The year of living dangerously: On the selection of the Bank Governor and his challenges
On 29 April, the Government appointed Dr Atiur Rahman as the Governor of the Bangladesh Bank. The appointment has been greeted positively by many because of Dr Rahman’s truly inspirational life story, understanding of development economics, and interest in Tagore’s work. Some has commented that the appointment is an evidence of the Government’s ‘pro-poor’ bona fides. However, little has been said about the judiciousness of the appointment given the challenges before the Bank, and qualifications and experiences that might have helped the Governor in overcoming them.
Central bank governor’s job is perhaps the most technocratic of all policymakers. The central bank’s function is to maintain stability in the macroeconomy and the financial system. In the advanced capitalist world, macroeconomic stability has come to mean price stability. For a developing economy, it could also mean defending the exchange rate or maintaining solvency of the government. Financial system stability means maintaining a functioning banking system, keeping the credit flowing, and acting as the lender of the last resort.
Heading the central bank requires a solid understanding of macroeconomic theory and empirics, and practical experience in banking and finance. The central banker needs to have years of experience that allows one to develop a thorough understanding of the data, or network in the industry that allows one to make a few phone calls and get a feel for things in a rapidly evolving world. The central banker needs to complement rigorous analysis that is founded on a solid understanding of macroeconomic theory and practice with subjective judgement that comes only with experience.
Given the above, it would appear that a serving Deputy Governor might have been a better choice. Such a pick would also have boosted professional morale and commitment to the organisation amongst the staff, and enhanced the Bangladesh Bank as an institution.
So much for generalities, what about some specific challenges the new Governor might face?
One of the biggest risks facing our economy involves remittance. Forget about a complete drying up of the overseas labour market. Even a less catastrophic scenario like a sharp slowdown or fall in remittances will place the Bangladesh Bank in a difficult position. Our modest current account surplus might turn into a deficit. If the deficit becomes too big or eventuates too quickly, taka might come under pressure. While an orderly depreciation of taka may be beneficial for the exporters, a sudden depreciation might lead to full blown capital flight and a balance of payments crisis. If this happens, we might have to seek assistance from the IMF, who will ask for conditionalities that may or may not be good for us. And even if there is an orderly depreciation of taka, it will mean imports will become more expensive. If taka were to depreciate against the Indian rupee, food prices will rise, like they did in recent years.

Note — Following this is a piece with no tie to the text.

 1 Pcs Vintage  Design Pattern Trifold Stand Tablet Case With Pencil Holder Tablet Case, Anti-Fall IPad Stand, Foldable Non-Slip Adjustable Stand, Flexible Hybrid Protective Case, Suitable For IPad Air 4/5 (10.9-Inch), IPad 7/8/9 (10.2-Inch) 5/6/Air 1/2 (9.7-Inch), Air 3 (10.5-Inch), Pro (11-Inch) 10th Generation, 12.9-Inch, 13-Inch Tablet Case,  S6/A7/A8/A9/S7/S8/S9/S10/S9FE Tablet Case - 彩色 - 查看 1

It’s not clear how an understanding of development economics will help with policymaking in case of a remittance crisis.
More generally, the Governor has promised to be ‘pro-poor’ in policymaking. It’s not clear what this would mean in practice.
Other than maintaining macroeconomic and financial stability, central banking has little, if anything, to do with development and poverty alleviation. It is not possible to do more than one task with one instrument. And central banks have essentially one instrument — supply of money. As is being witnessed around the world, central banks in most advanced economies have not had much success in maintaining macroeconomic stability while keeping their financial sector from going haywire. The task of the Bangladeshi central banker is much harder as it is. The Bangladesh Bank should not have to do poverty alleviation, there are other agencies who can do that more effectively.
Let us think beyond the current recession. There is a strong literature of political business cycle theory that shows that in all democracies, governments tend to spend beyond their means before election. How damaging this vote-buying depends on how strong the economic institutions are, with the central bank being the key institution. Suppose our Government were to embark on a pre election spending spree by 2013-14. What will happen if the Bangladesh Bank, in a misguided attempt at being ‘pro-poor’, accommodates that spending spree?
History is full of such episodes, almost all ending with hyperinflation. The central banker has to be someone who can maintain independence from both the rich end of town as well as the government. The Governor will have to say no to the garments owners if they want a depreciation of the taka if such depreciation pushes up prices. He will have to stand firm against the banking sector if he believes a tightening of regulation is warranted. And most importantly, he will have to refuse the Government’s wishes to borrow if that is the right course of action.
Will the Governor be able to do this?
Before the recent election, he was involved more in the political side of the Awami League campaign than economic matters. Whereas previous Bangladesh Bank Governors had been appointed for their professional credentials, the current pick smacks far too much of political favouritism.
Dr Atiur Rahman takes over during the worst storm to batter the global economy in living memory. He will need all his wits, and then some more, to guide us through. To navigate this treacherous terrain, one hopes he builds up a strong team noting some of these challenges mentioned. Let’s also wish him good luck in his tasks ahead, for he will need it, badly.